NOTA VAN TOELICHTING

Dit besluit beoogt de werkingsduur van het Transactiebesluit milieudelicten te verlengen. Het Transactiebesluit milieudelicten heeft tot doel om – bij wijze van experiment – voor eenvoudige en veel voorkomende overtredingen en misdrijven op het terrein van het milieu, een strafrechtelijke transactiebevoegdheid in handen te leggen van het bestuur. Hiermee beschikt het bestuur over een extra instrument om milieuwetgeving te handhaven. Omdat het hier gaat om een experiment, heeft het Transactiebesluit milieudelicten een tijdelijk karakter. Het besluit vervalt met ingang van 1 mei 2003. De werking van het besluit in de praktijk is door onafhankelijke onderzoekers in 2002 geëvalueerd. Uit deze evaluatie blijkt dat het experiment ten dele aan de verwachtingen heeft voldaan. In de ogen van de onderzoekers zijn voldoende positieve gevolgen waar te nemen om door te gaan met het experiment. Zij bevelen aan het experiment voort te zetten onder wijziging van enkele randvoorwaarden, onder andere in het Transactiebesluit milieudelicten.

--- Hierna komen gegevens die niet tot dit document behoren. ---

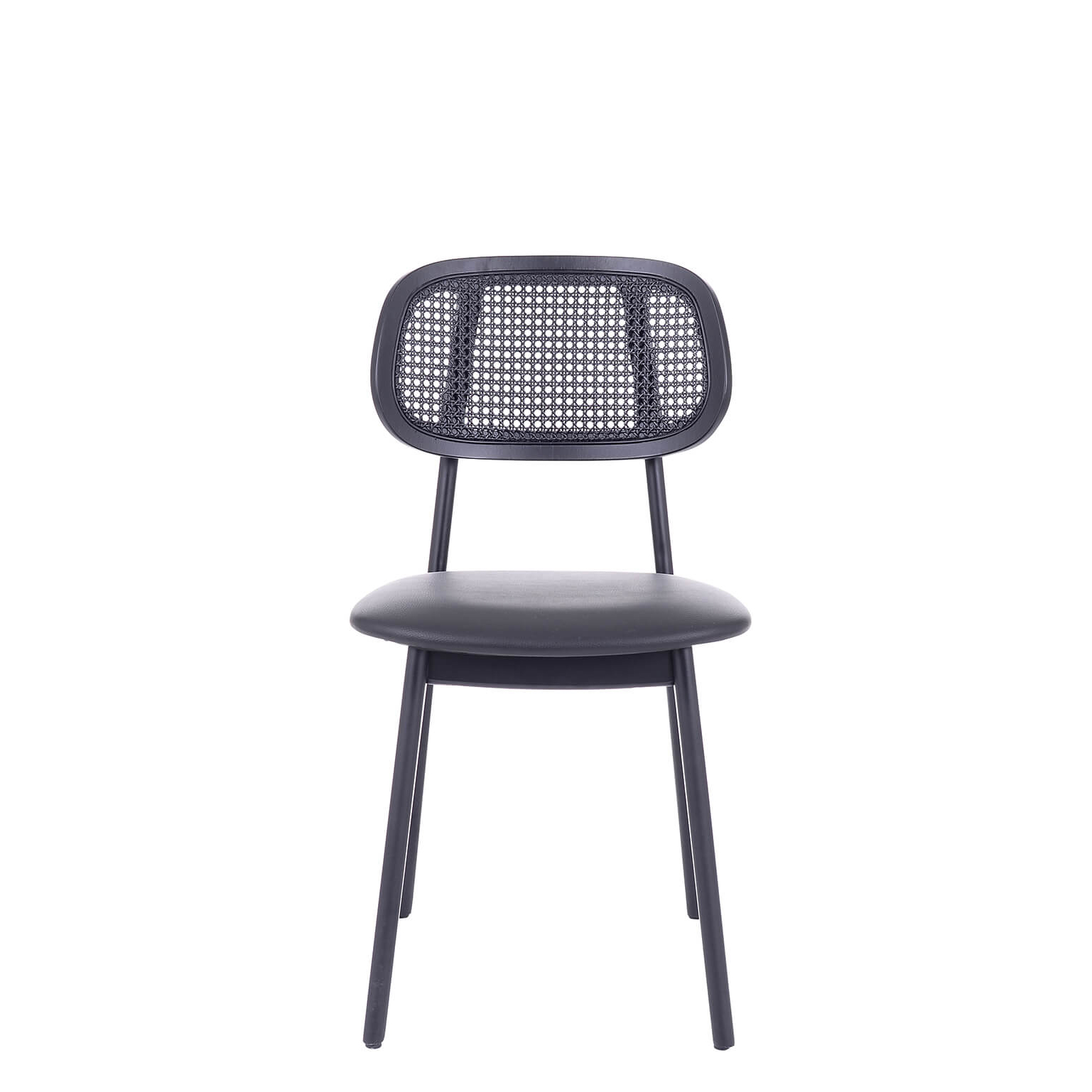Holzstuhl Cumpo CP B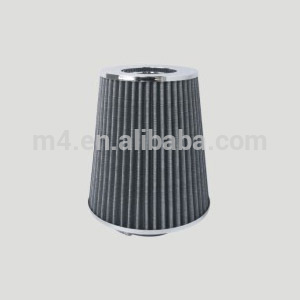 Performance air filter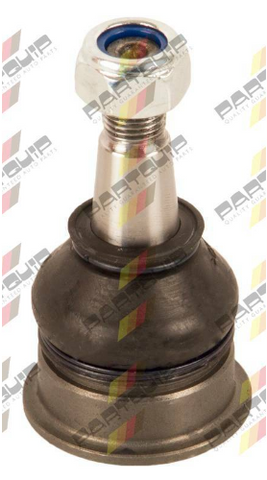 Ball Joint BJ1134
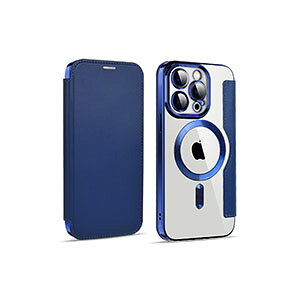 �A�b�v�� �A�C�t�H�� Apple iPhone 16 16 Plus 16 Pro 16 Pro Max �P�[�X �J�o�[ �ϏՌ��J�o�[ �蒠�^ PU���U�[ �J�[�h���[ ������� �X�^���h�@�\ ��G�蔲�Q �������H �֗� ���p �l�C �y�� �֗� ���C����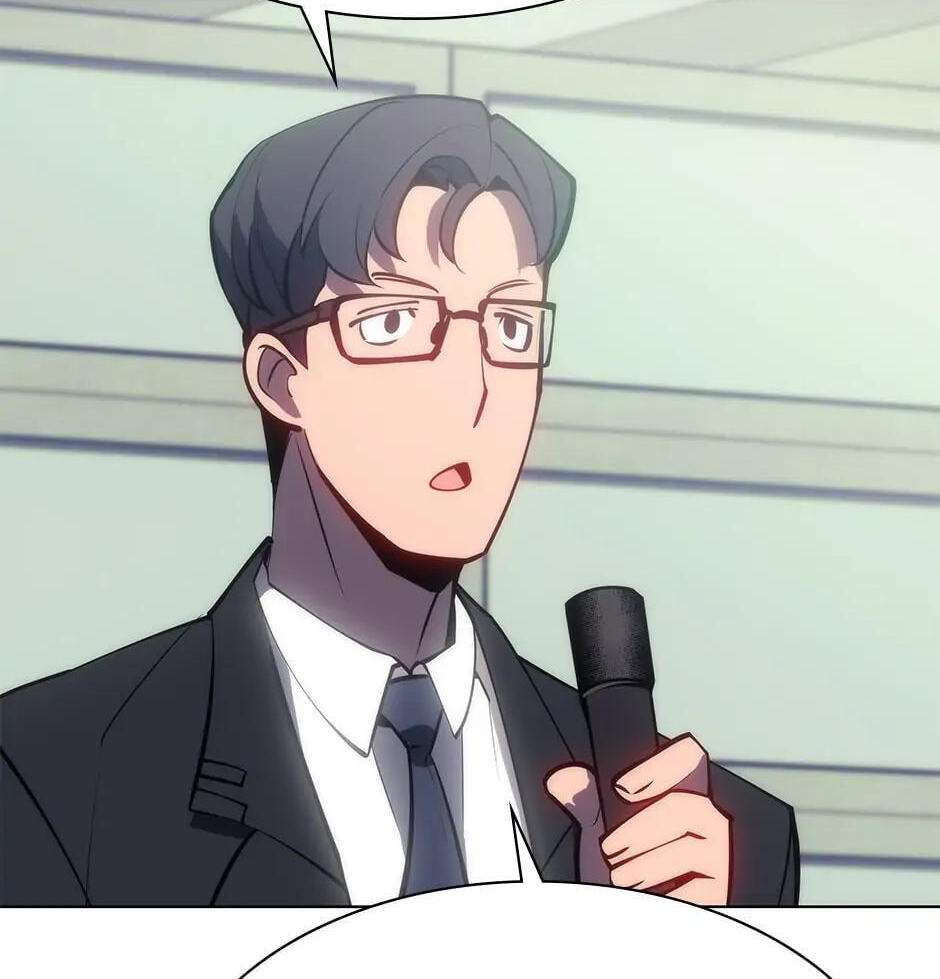 Read Overgeared (Team Argo) chapter 95 image 124 on Lezhin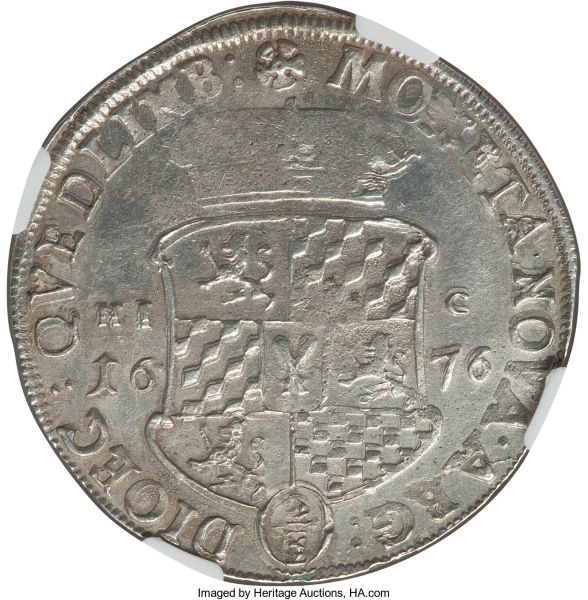 File:Quedlinburg H3064-32915r.jpg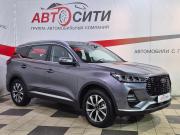 Xcite X-Cross 7 Воронеж  - изображение 24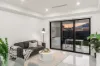 23b Ritchie Terrace, Marleston, SA 5033-Image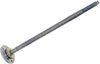 AXLE SHAFT ONLY - image 1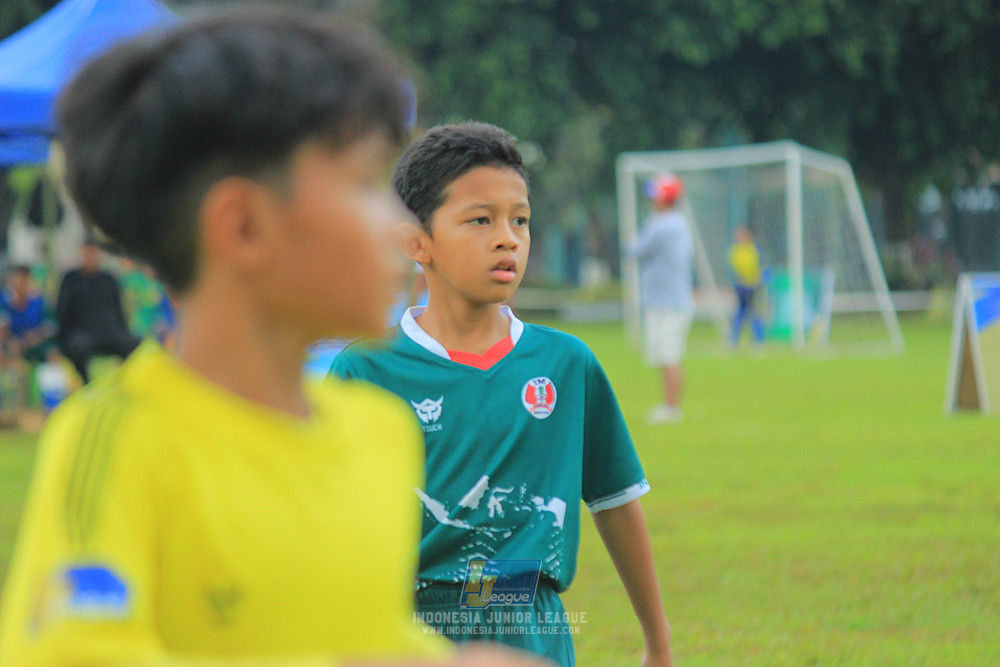 ijl u11 041026 brazillian soccer serpong vs indonesia muda utara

De regering bereidt thans een standpunt voor over de evaluatie van het Transactiebesluit milieudelicten. De tijd ontbreekt echter om vóór de datum waarop het Transactiebesluit milieudelicten vervalt (1 mei 2003), duidelijkheid te hebben over de aard van de wijzigingen die nodig zijn om het experiment succesvol voort te zetten en dit in regelgeving te hebben neergelegd. Ik acht het onwenselijk dat de bestuursorganen die hebben meegedaan aan dit experiment, na 1 mei 2003 niet langer gebruik zouden kunnen maken van de door het Transactiebesluit milieudelicten gebonden mogelijkheid van transactie, terwijl het experiment naar verwachting in aangepaste vorm zal worden voortgezet. Er is daarom voor gekozen om het experiment in zijn huidige vorm te verlengen tot aan 1 januari 2004. Dit geeft de regering de tijd om voor die datum de regelgeving gereed te maken die nodig is voor voortzetting van het experiment in aangepaste vorm.

Het onderhavige besluit verlengt de werkingsduur van het Transactiebesluit milieudelicten tot 1 januari 2004.

De Minister van Justitie a.i.,

H. P. A. Nawijn


XNoot
1

Stb. 2000, 320, laatstelijk gewijzigd bij besluit van 9 april 2002, Stb. 189.

XHistnoot

Het advies van de Raad van State wordt niet openbaar gemaakt op grond van artikel 25a, vijfde lid j° vierde lid onder b, van de Wet op de Raad van State, omdat het zonder meer instemmend luidt.